Em tempos em que personagens como Darlene, da novela Celebridade, que têm como ideal de vida a fama instantânea e o esforço zero, personificam os ideais de uma grande parcela da população, Carolina sabe o valor do que se aprende no escotismo. Darlene, aliás, é personagem pouquíssimo conhecido pela galera escoteira. "Se você perguntar sobre os famosos, pouca gente vai saber falar a respeito", conta, exemplificando a hierarquia dos interesses do movimento.

O que Carolina também tenta mostrar, com muita graça e uma certa ingenuidade, é o que pouca gente vê nos bastidores de uma cidade gigantesca como São Paulo, que ainda precisa de muito mais trabalho voluntário para ter seus efeitos mais evidentes. "Existem cidades do interior que nem sabem da existência de um movimento escoteiro. Quando vêem um bando de malucos uniformizados, já logo acham que se trata de um exército", analisa.

Como um exército de formiguinhas, porém, o movimento já organizou a doação de agasalhos, replantou árvores em zonas degradadas e levou carinho e afeto a crianças carentes e deficientes.

No ano passado, quando ainda fazia parte do Ramo Sênior, Carolina se envolveu numa ação social para crianças carentes da cidade mineira de Brazópolis. Como neste ramo o lema é explorar o desafio, o grupo se organizou para levar cestas de Natal, com roupas, brinquedos e doces. Pode parecer simples, mas os guias e seniores (nomes dados a meninas e meninos que fazem parte deste ramo) tiveram muito trabalho até alcançar o objetivo de montar pelo menos 100 cestas.

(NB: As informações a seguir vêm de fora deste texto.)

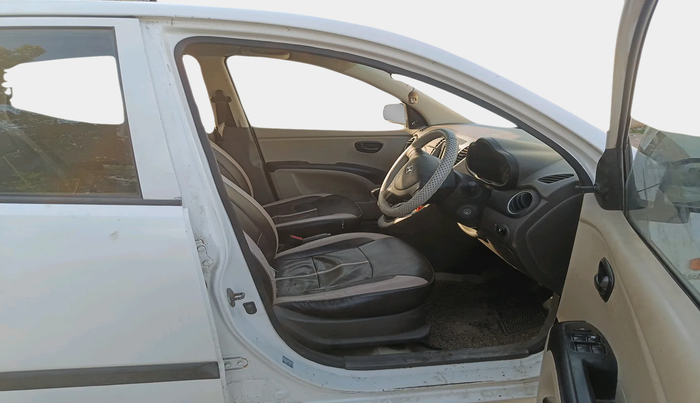 2016 Hyundai i10 MAGNA 1.1, Petrol, Manual, 1,72,888 km, interior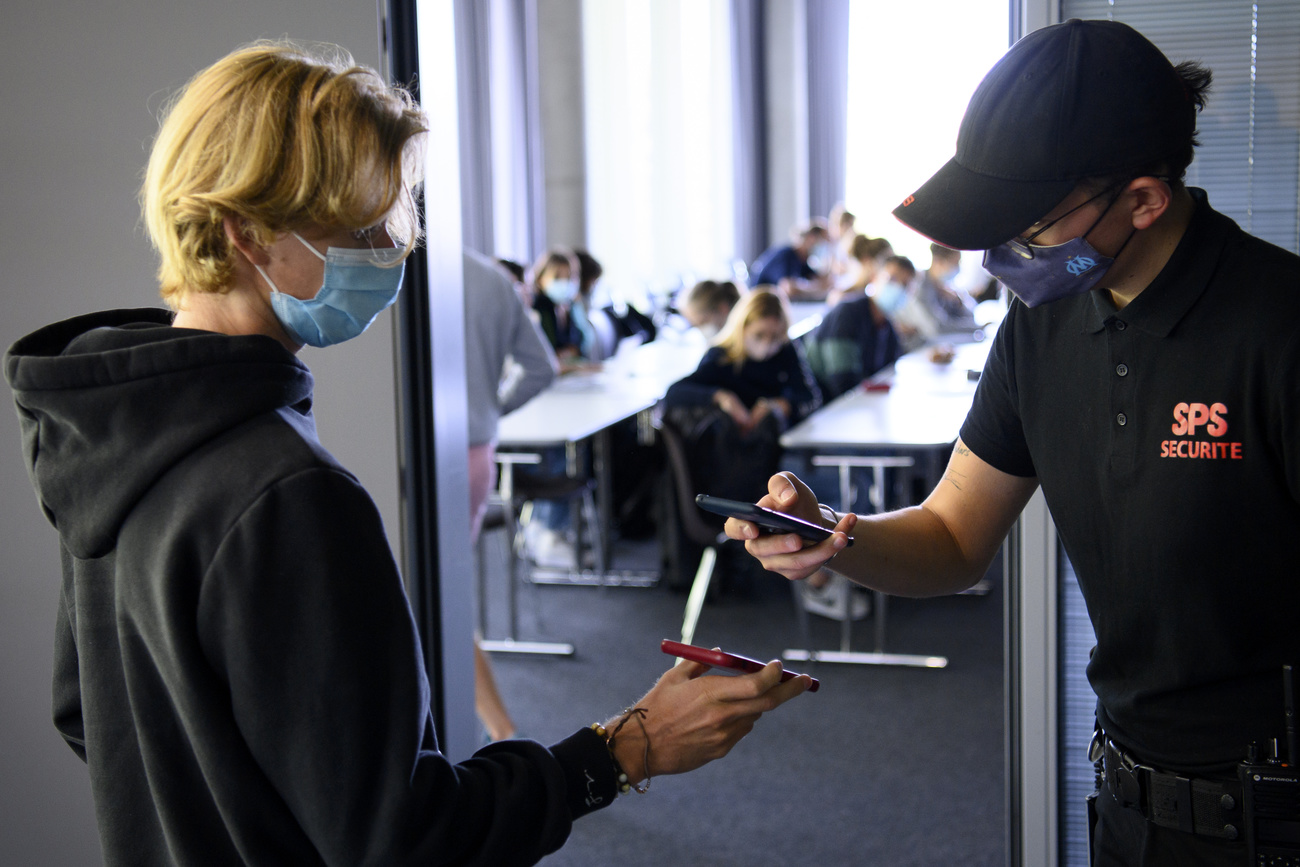 Zertifikats-Check in einer Schule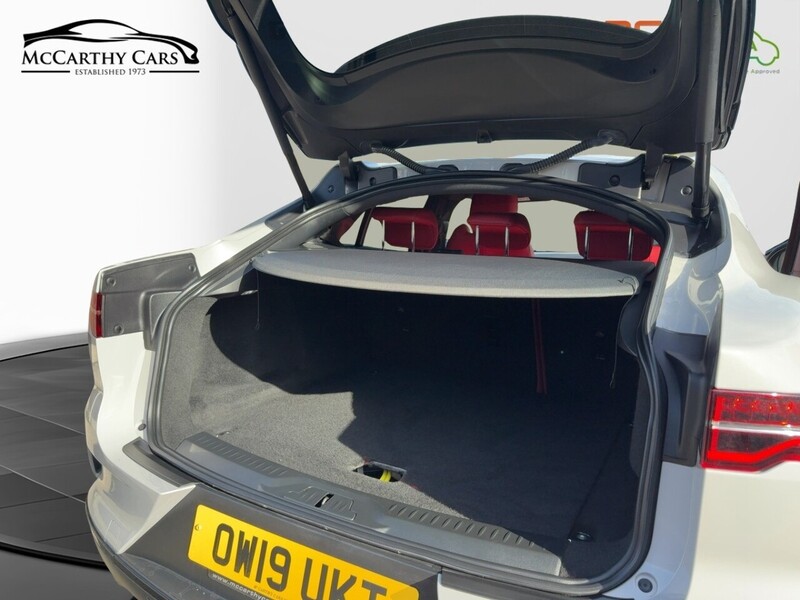 Jaguar 400 90KWH HSE SUV 5DR ELECTRIC 4WD AUTO HEATED SEATS SAT NAV BLUETOOTH APPLE CARPLAY REAR & 360 CAMERA PARKING AIDS ONLY 36000 MILES SH NO ULEZ CHARGE 72-74 Mitcham Road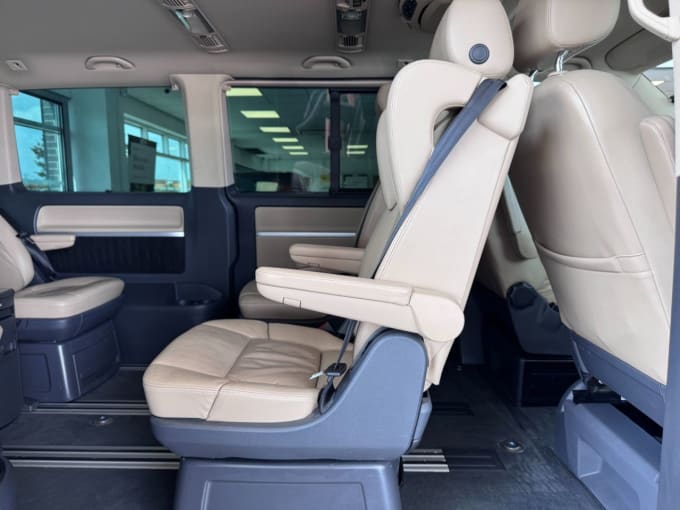 2025 Volkswagen Caravelle
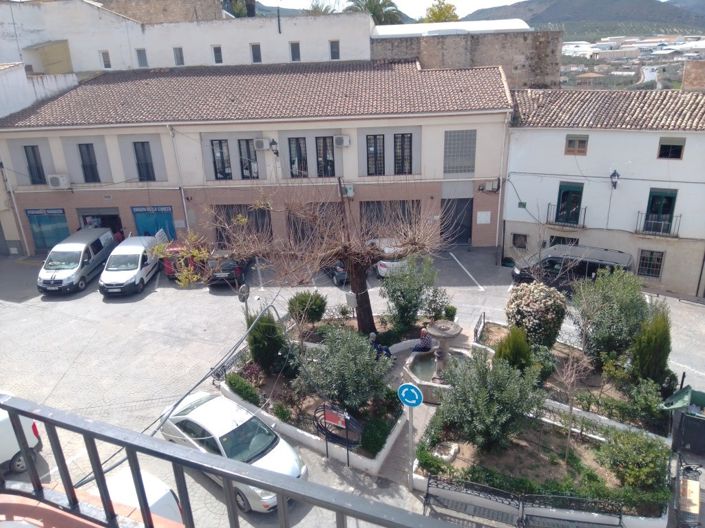 Image No.26-2 Bed Bar for sale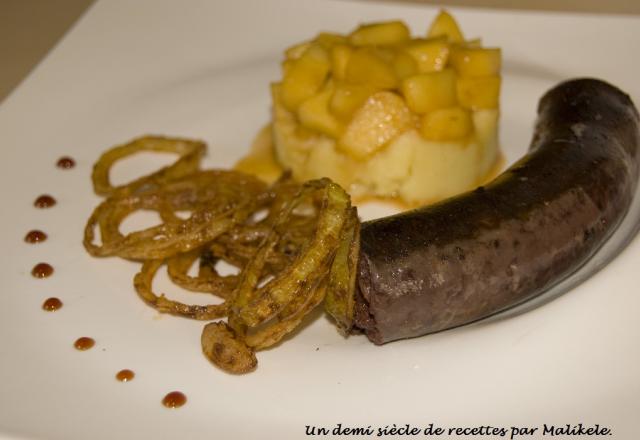 Le boudin et les 2 pommes au sirop de Liège.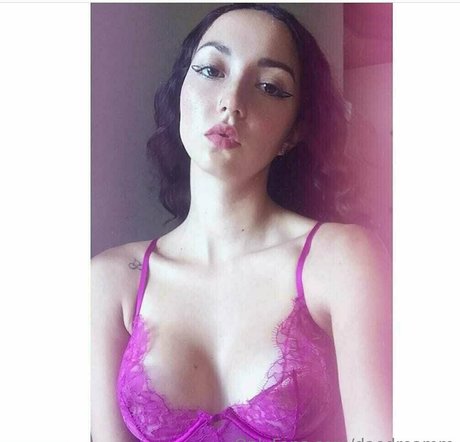 Naakte gelekte OnlyFans-foto van Daedreamm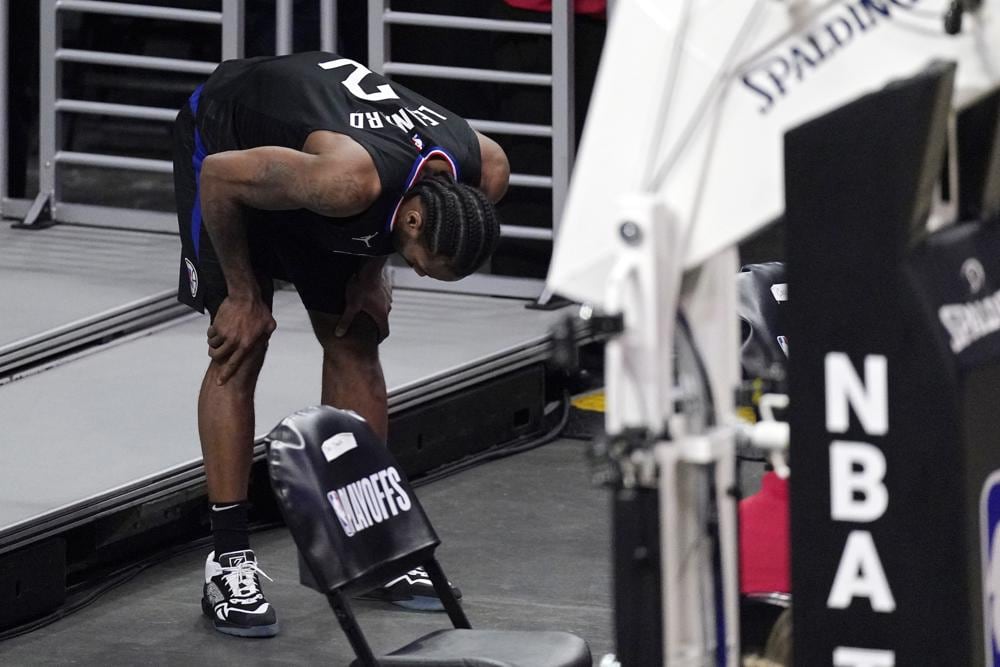 Clippers’ Kawhi Leonard sprains right knee, out for Game 5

"Cada cesta saía mais ou menos ao custo de R$ 50. Tivemos que nos virar para atingir nosso objetivo. Organizamos festas para arrecadar dinheiro e vendemos coisas dentro e fora do grupo", conta Luiz Carlos Pina França, de 17 anos, integrante do movimento desde os 13 anos.

Foi em uma de suas crises existenciais que escolheu se envolver no projeto de Brazópolis. "Eu tinha tudo e nunca ajudava ninguém, assim, mais de perto. Era o mínimo que eu poderia fazer."